Description of the task
Restate each of the lines below word for word and drop every picture.

Collected material
::::::

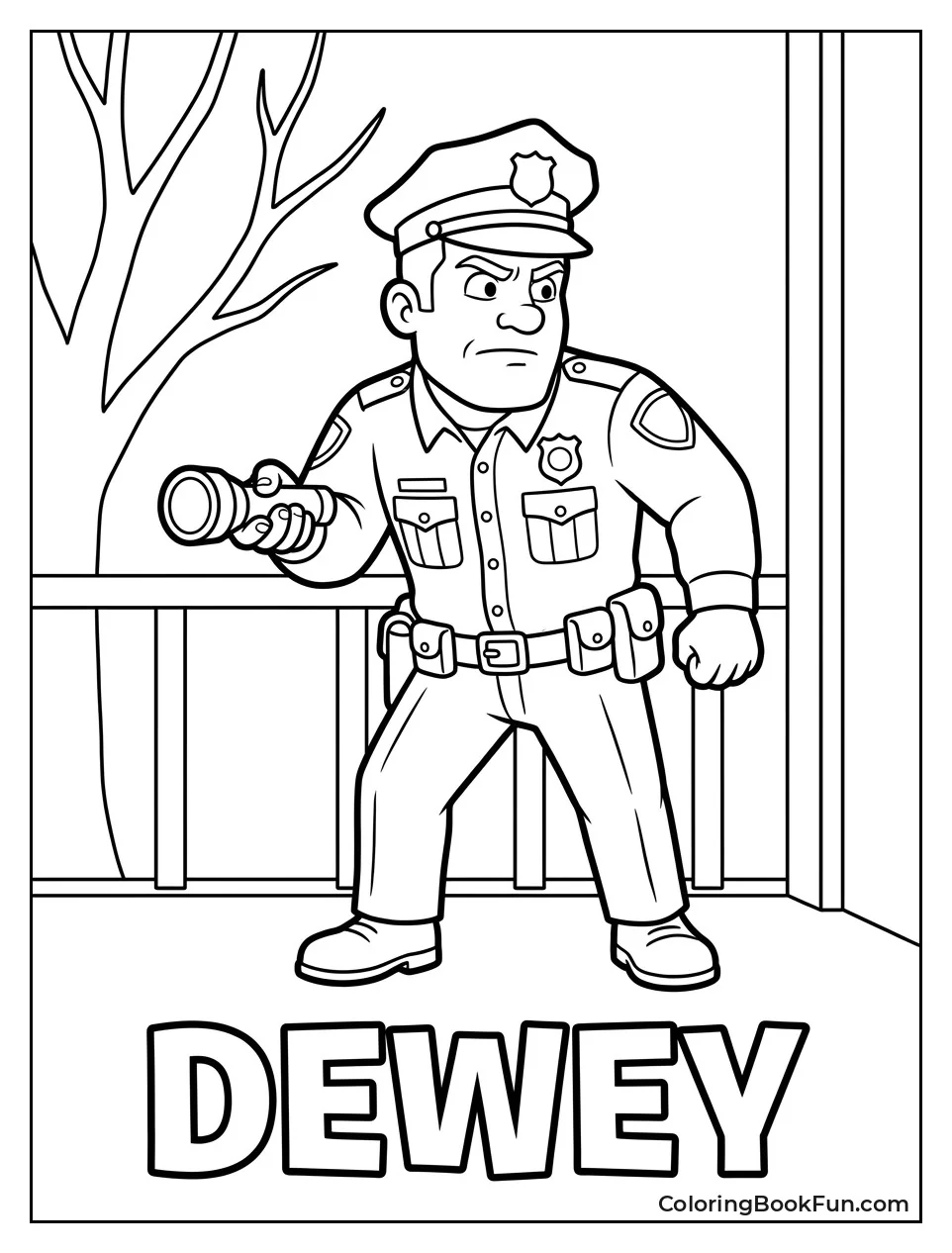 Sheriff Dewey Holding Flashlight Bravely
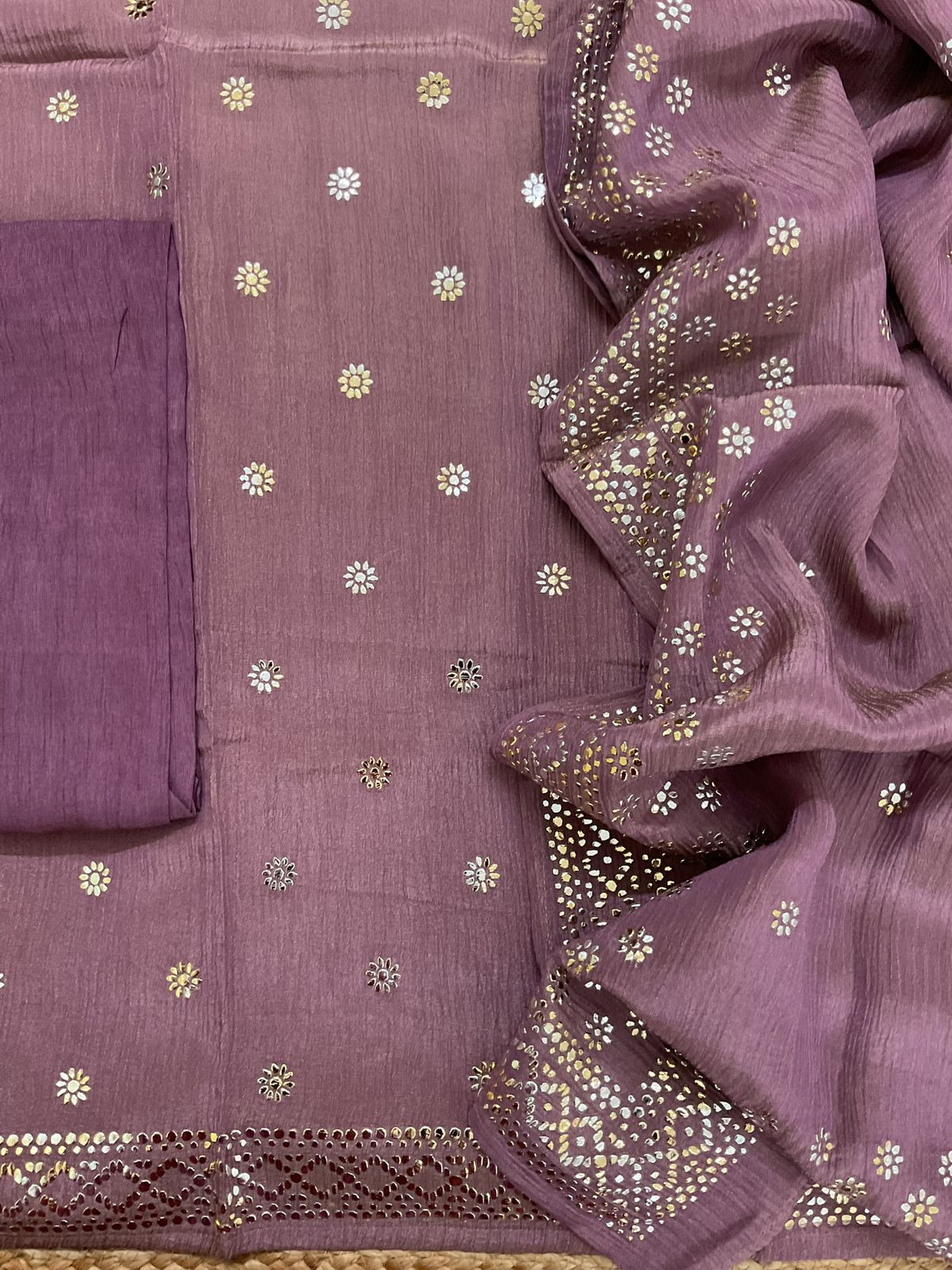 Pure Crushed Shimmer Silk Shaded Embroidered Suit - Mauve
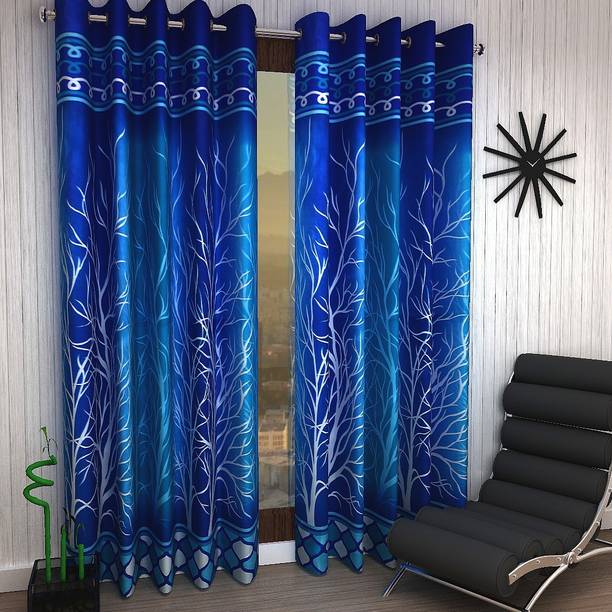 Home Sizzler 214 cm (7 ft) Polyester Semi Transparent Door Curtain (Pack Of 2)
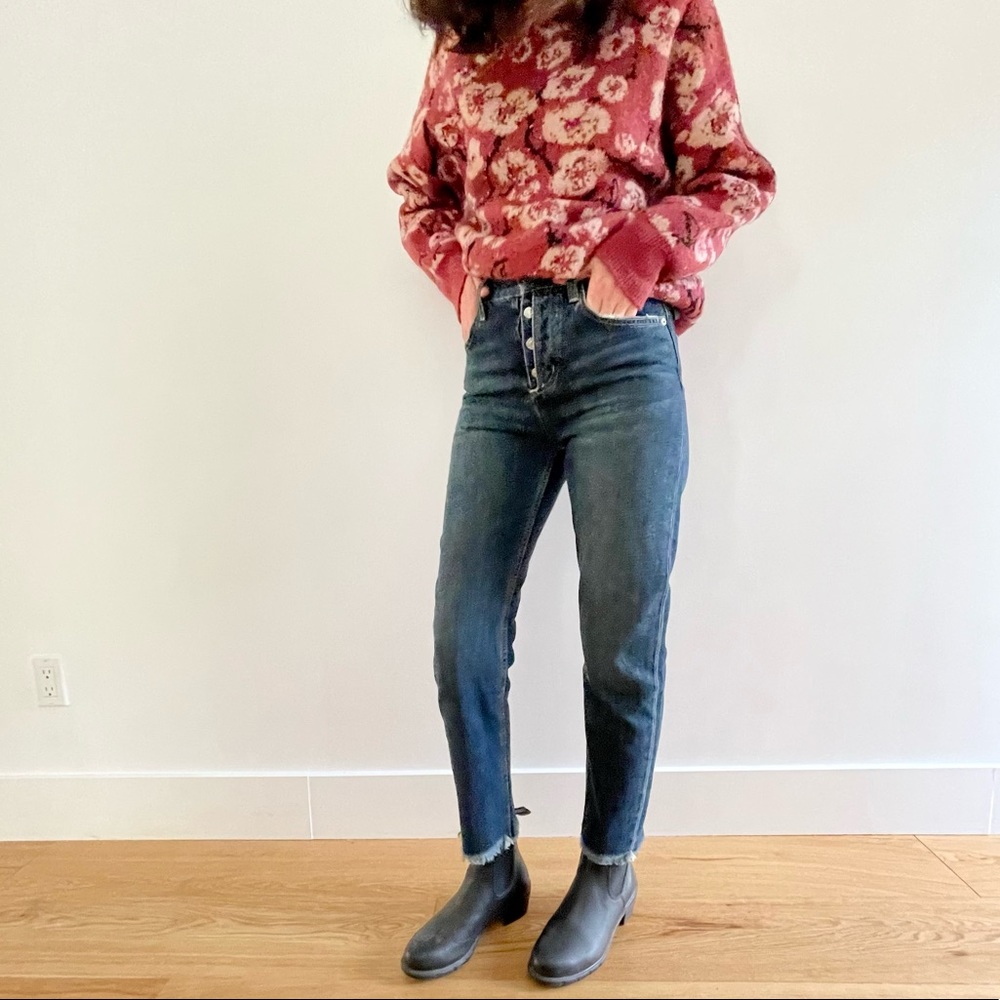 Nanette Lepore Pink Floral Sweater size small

::::::

Exercise output
 Sheriff Dewey Holding Flashlight Bravely
 Pure Crushed Shimmer Silk Shaded Embroidered Suit - Mauve
 Home Sizzler 214 cm (7 ft) Polyester Semi Transparent Door Curtain (Pack Of 2)
 Nanette Lepore Pink Floral Sweater size small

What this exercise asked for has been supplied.